De primeira, o estranhamento é causado: Oh Dae-Su tem nossa simpatia, pois, assim como ele, não compreendemos o inferno pelo qual atravessa. Joe Doucett, em contrapartida, é um fanfarrão idiota, com atitudes detestáveis logo nas primeiras sequências que o apresenta. No confinamento imputado a eles deliberadamente, o sul-coreano vive só, tentando encontrar nas profundezas de sua alma o que pode tê-lo levado àquele castigo tão brutal. Ele escreve sua autobiografia, quando percebe que havia pecado demais.
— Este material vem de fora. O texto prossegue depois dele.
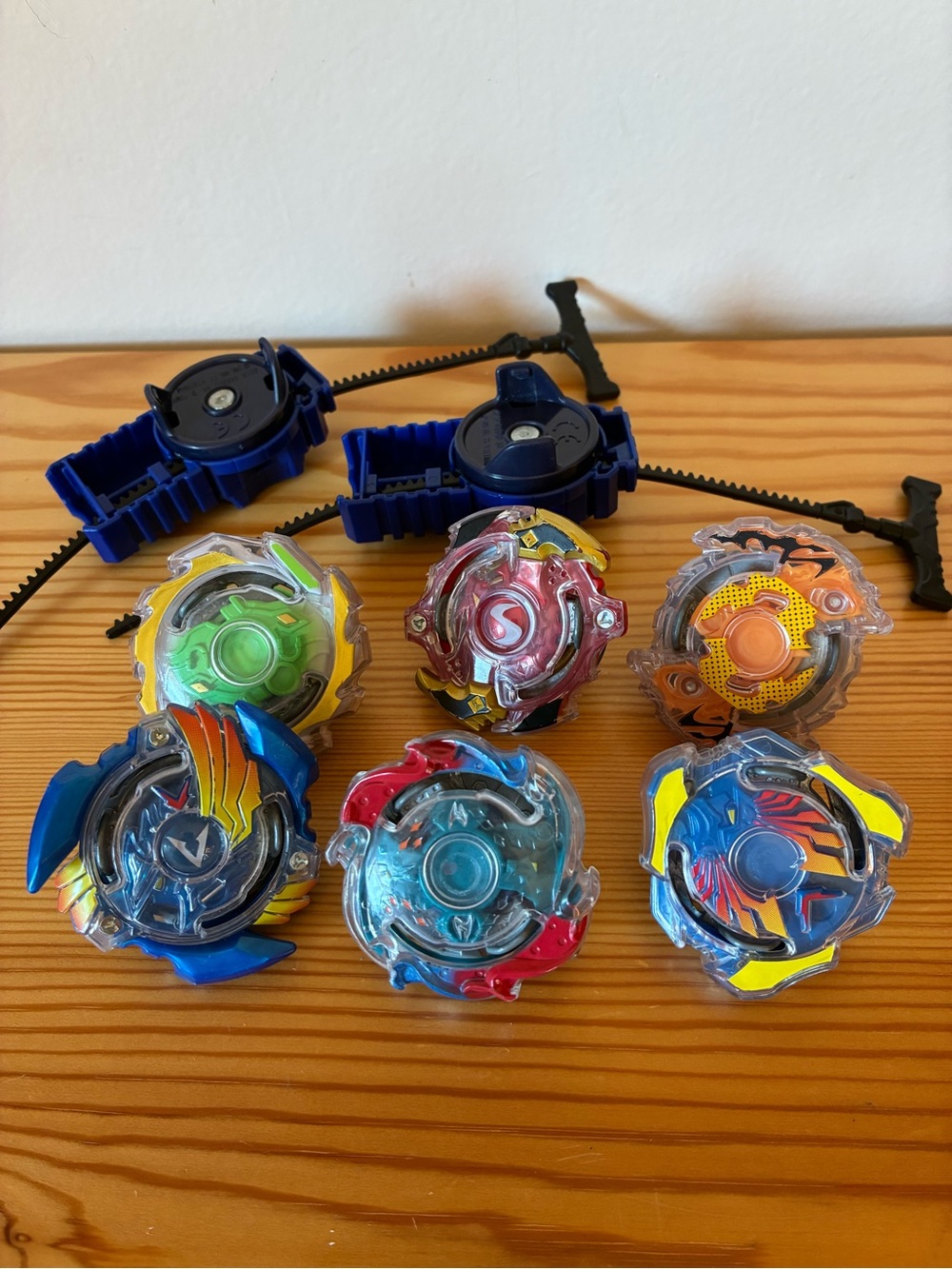 Beyblade Burst Lot of 6 Tops with 2 Launchers Valtryek V2 Storm Spryzen Set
O americano não vive consigo mesmo; há ratinhos, visões, que fazem companhia a ele. Ele não revisita sua vida e se dá conta de que era um completo babaca. Ele lista alguns nomes óbvios que sugerem suas desavenças.
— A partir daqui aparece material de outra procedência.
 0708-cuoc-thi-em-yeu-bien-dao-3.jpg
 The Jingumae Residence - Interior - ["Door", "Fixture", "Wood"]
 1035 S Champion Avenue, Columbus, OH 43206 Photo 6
No desenrolar da narrativa, conhecemos o algoz do nosso protagonista – repare que não uso o verbete “vilão” – e novamente uma obra se distancia mais ainda da outra. O milionário construído por Park é alma sofrida em busca de vingança (sim, a vingança aqui não é só de Oh Dae-Su), enquanto a figura de Spike Lee é um afetado, anormal, uma imagem estilo aberração. Seu corpo traz deformidades, inclusive, como numa tentativa de distanciá-lo de um modelo absolutamente humano. Em ambos os casos, o verdugo cria uma situação para que o personagem principal cometa pecado semelhante (ou igual) àquele pelo que foram julgados por nosso protagonista, tempos atrás. No americano, a construção disso é falha e o personagem se arrepende amargamente. No sul-coreano, a construção disso é belíssima, o personagem se arrepende amargamente, mas opta, deliberadamente, por esquecê-lo, em uma conclusão que abala por completo a zona de conforto do espectador desavisado (tento, ao máximo, não lançar spoilers brutos, ainda que um ou outro seja jogado ao vento).
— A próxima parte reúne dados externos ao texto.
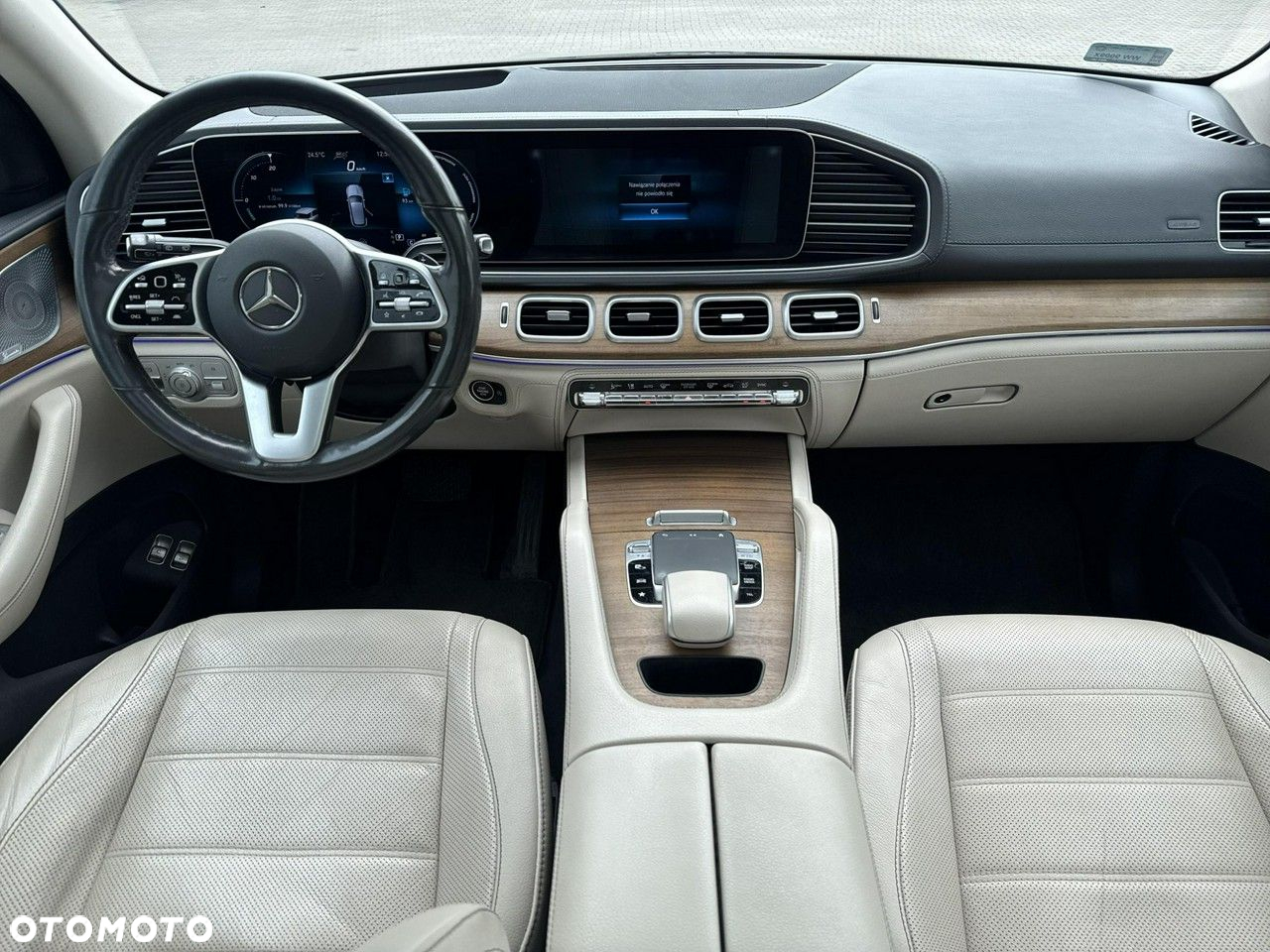 Mercedes-Benz GLE - 24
Além disso, Oldboy é muito mais que um filme de vingança tão somente. Ele aborda de forma profunda temas como solidão, amor, ódio, honra, autoconhecimento e autoflagelação. Dias de Vingança tenta encontrar um ou outro ponto desses – mas não todos – de forma, por vezes, pouco coerente e sem a construção fantástica de Park Chan-Wook. Não adianta nomes conhecidos, experientes e, isoladamente, com um belo trabalho (como é o caso dos atores Josh Brolin, Elizabeth Olsen, Sharlto Copley e Samuel L. Jackson), dirigidos por alguém conceituado como Spike Lee. Se não for genuíno, o resultado é frio, distante e sem sentido. Reza a lenda que Josh Brolin, ao falar com Park sobre o remake, teria ouvido do diretor sul-coreano “você e Spike façam seu próprio filme, não refaçam o nosso”; Spike disse mais tarde “e foi isso o que fizemos”. Não deveriam nem ter feito. Park Chan-Wook, com os incríveis Min-sik Choi, Ji-tae Yu e Hye-jeong Kang, da mesma história fazem uma obra profunda, bela, plena. Fazem uma obra-prima.
Normalmente, nos RPR, nós fazemos um quadro comparativo, em determinadas categorias, elencando qual das obras é superior. Neste, dispenso o recurso, já que, por todas as palavras aqui escritas, nota-se que Oldboy é – e sempre será – incomparável.